Exercise dependence is a maladaptive pattern of exercise with a craving for physical activity that results in extreme exercise that may generate mental health problems such as anxiety and depression. Previous research suggests that individuals with certain personality traits are more prone to develop exercise dependence. However, research on personality traits and exercise dependence is still limited. In the current study, predictive abilities of anxiety, obsessive passion and appearance orientation on exercise dependence were investigated. A longitudinal design was adopted to investigate if personality related factors could predict exercise dependence. The sample consisted of 206 regular exercisers (100 males and 106 females) from various exercise groups, sport clubs and sport science classes in Sweden (Mage = 28,5 years; SD = 9,97).
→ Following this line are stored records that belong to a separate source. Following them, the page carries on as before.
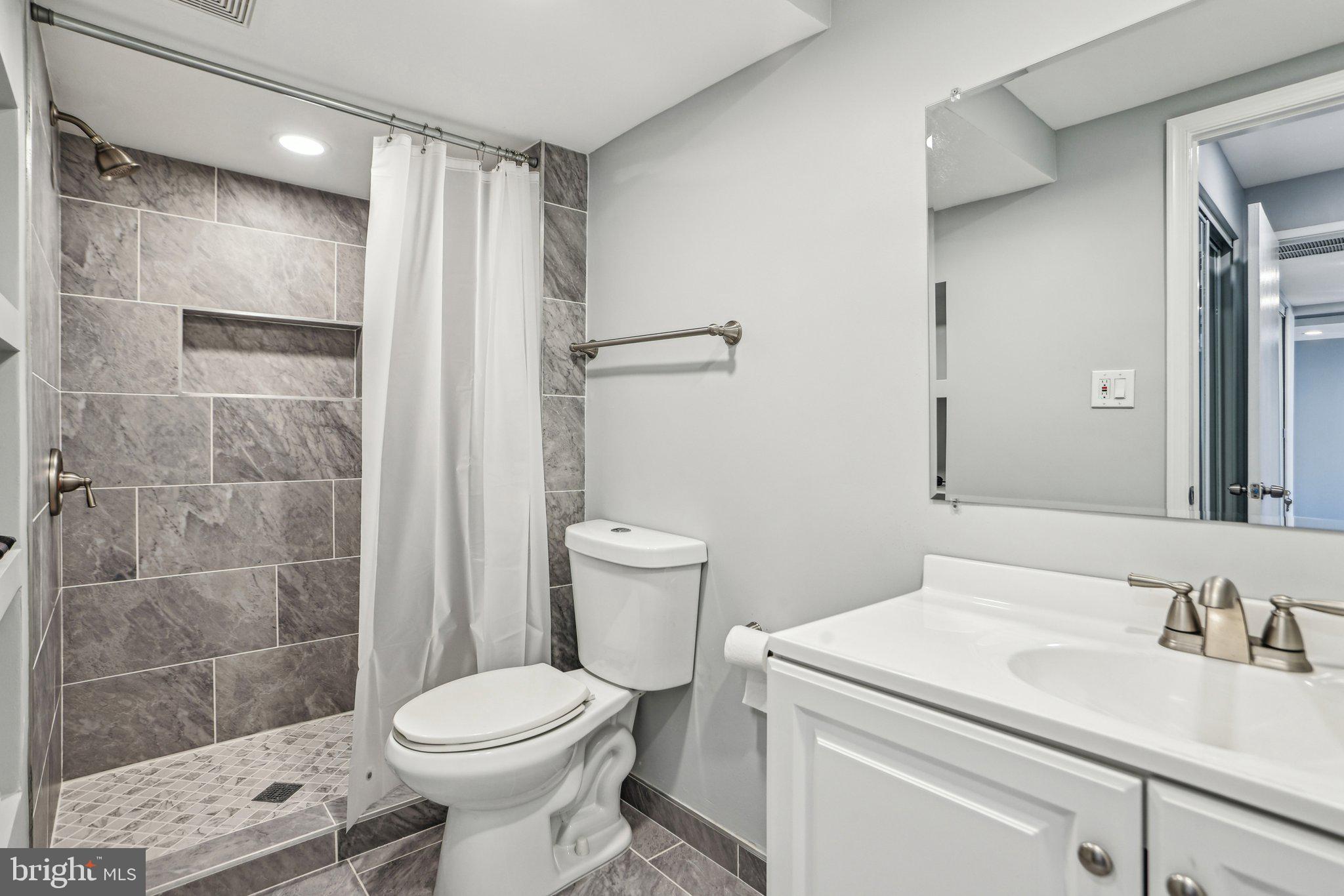 KIMBERLY PLACE - Residential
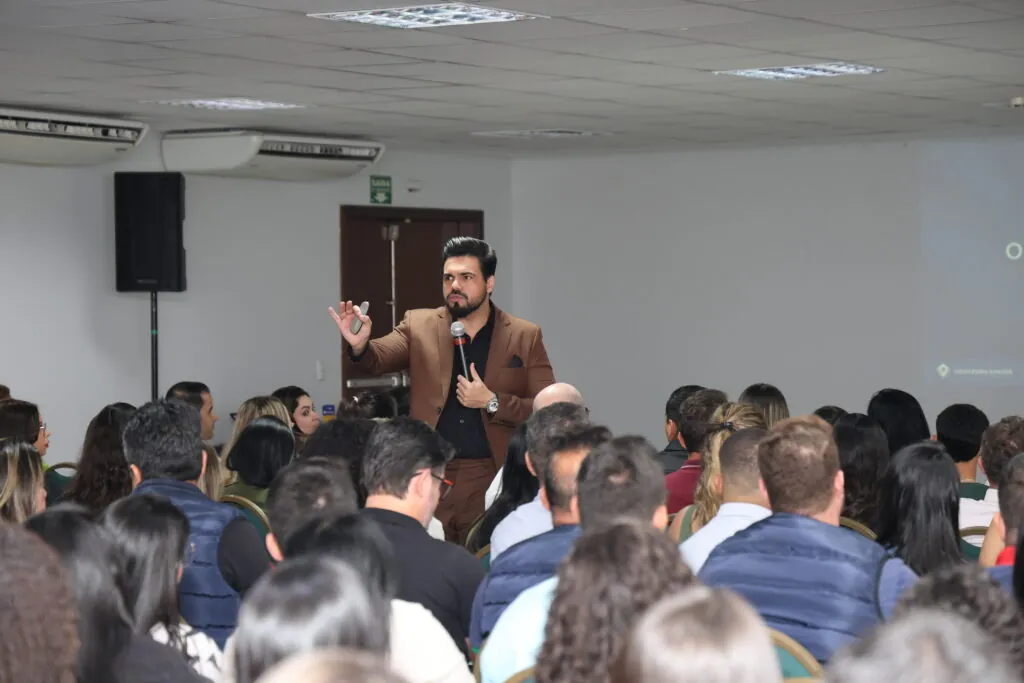 Plateia na palestra Nascidos para Vencer com Janderson Santos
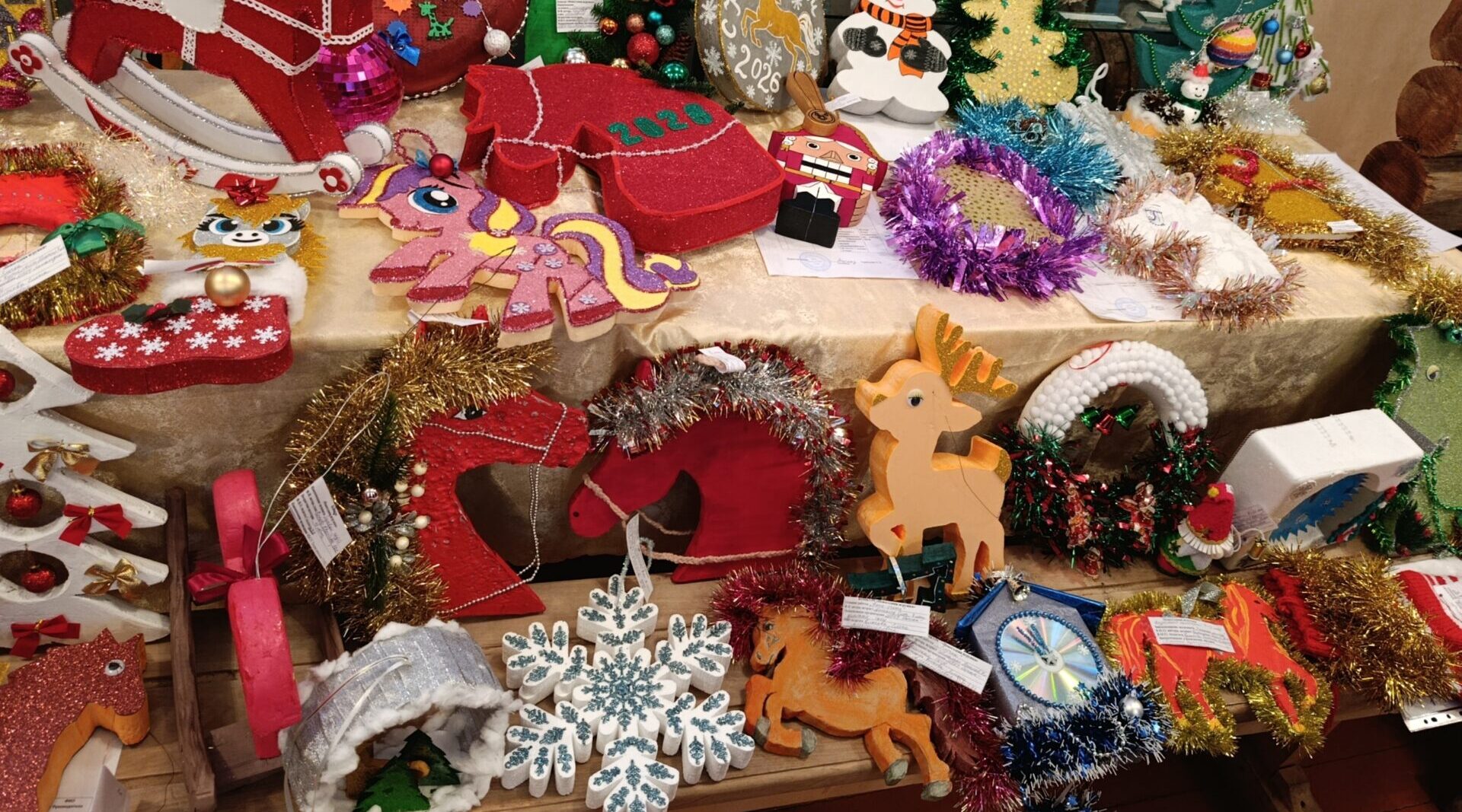 В Комаричском районе завершился районный конкурс новогодних ёлочных игрушек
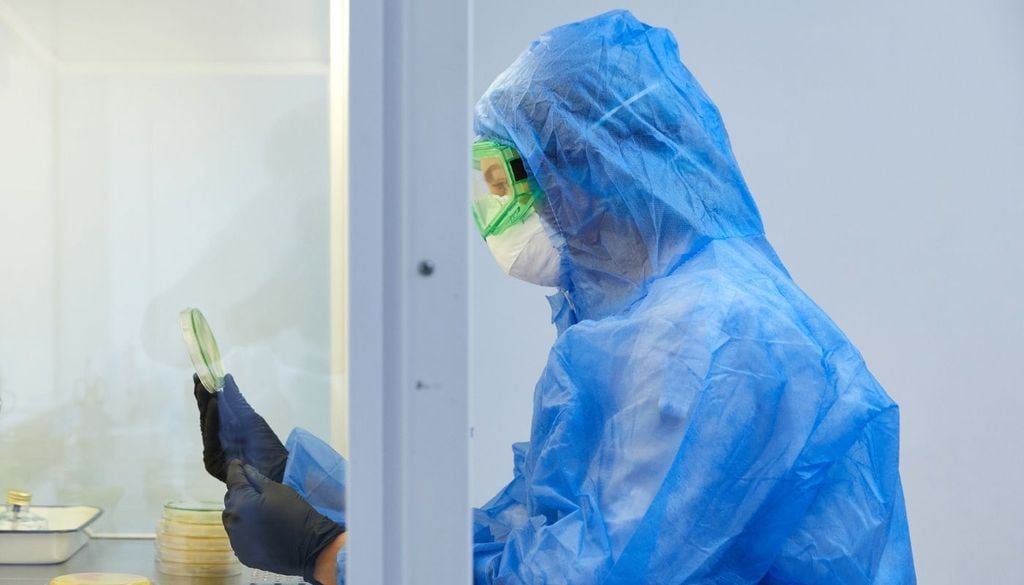 Christian Lindmeier, vocero de la OMS indicó que el laboratorio donde ocurrió el hecho estudia patógenos peligrosos, incluida la peste, en una parte de Siberia donde esta se da de forma natural en animales salvajes.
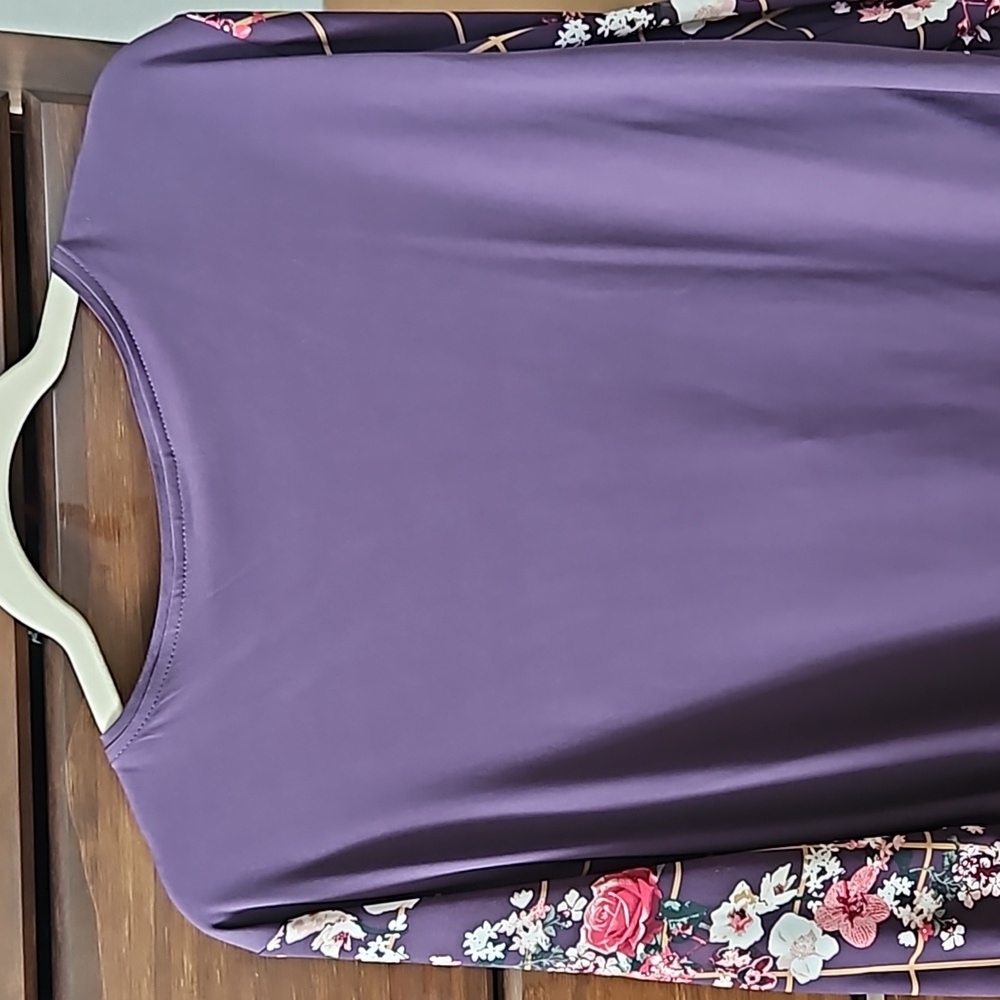 Women's blouse - Picture 3 of 4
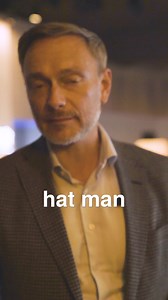 Hey Sachsen, hey Thüringen! 👋 Morgen, am Sonntag, öffnen Eure Wahllokale! 🗳️ Wir, die Freien Demokraten, stehen für 👉 bürgerliche Freiheit 👉 Respekt vor Leistung und Eigentum 👉 weniger Bürokratie Deshalb: Mit allen Stimmen für die Freien Demokraten. 💪 | FDP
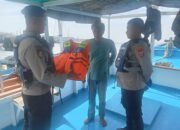 Personel Satpolairud Polresta Balikpapan menyampaikan imbauan kamtibmas dan keselamatan pelayaran kepada masyarakat pesisir/Hibata.id
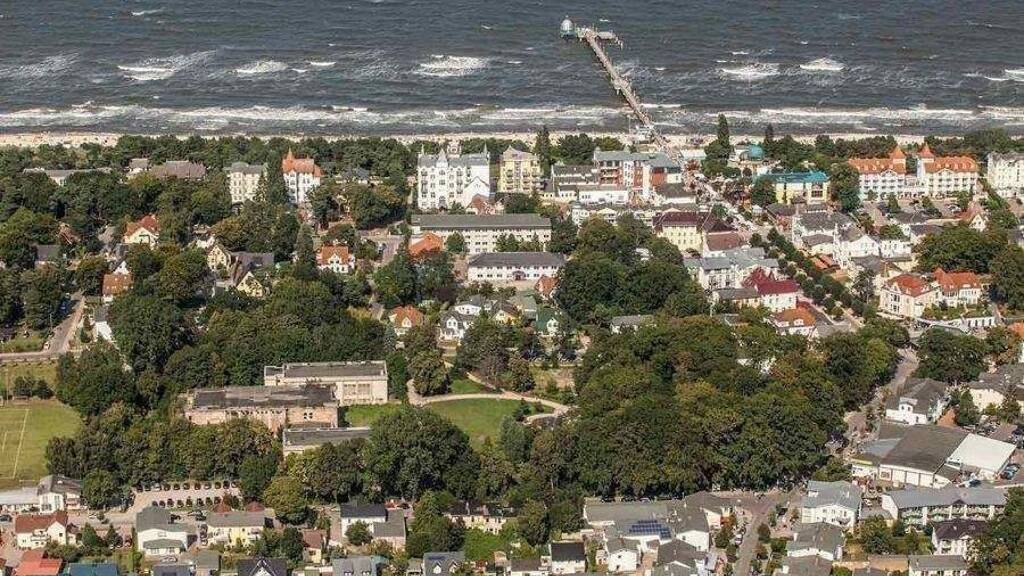 Lagerhalle zum Kauf 2.500.000 € Zinnowitz 17454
The LPA (Latent Profile Analysis) showed that a model with two profiles provided best fit to the data, and that profile belonging at T1 could predict measures of exercise dependence at T2. Profile 1: “high risk exercisers” reported significantly higher levels of exercise dependence, anxiety, obsessive passion and appearance orientation compared to Profile 2: “low risk exercisers”. This study highlights factors that may characterize people who develop exercise dependence. High-risk exercisers are obsessively passionate about their training and exercise may function as a tool to cope with anxiety. If the individual for some reason is prevented from training, feelings of anxiety and guilt are often experienced. Furthermore, these individuals tend to be self-conscious about how they look and appear to other people. To them, exercise may also work as a way to achieve body ideals. The results of the current study suggest plausible mechanisms of why exercise behaviours become unhealthy and uncontrollable for some exercisers whereas others manage to remain healthy.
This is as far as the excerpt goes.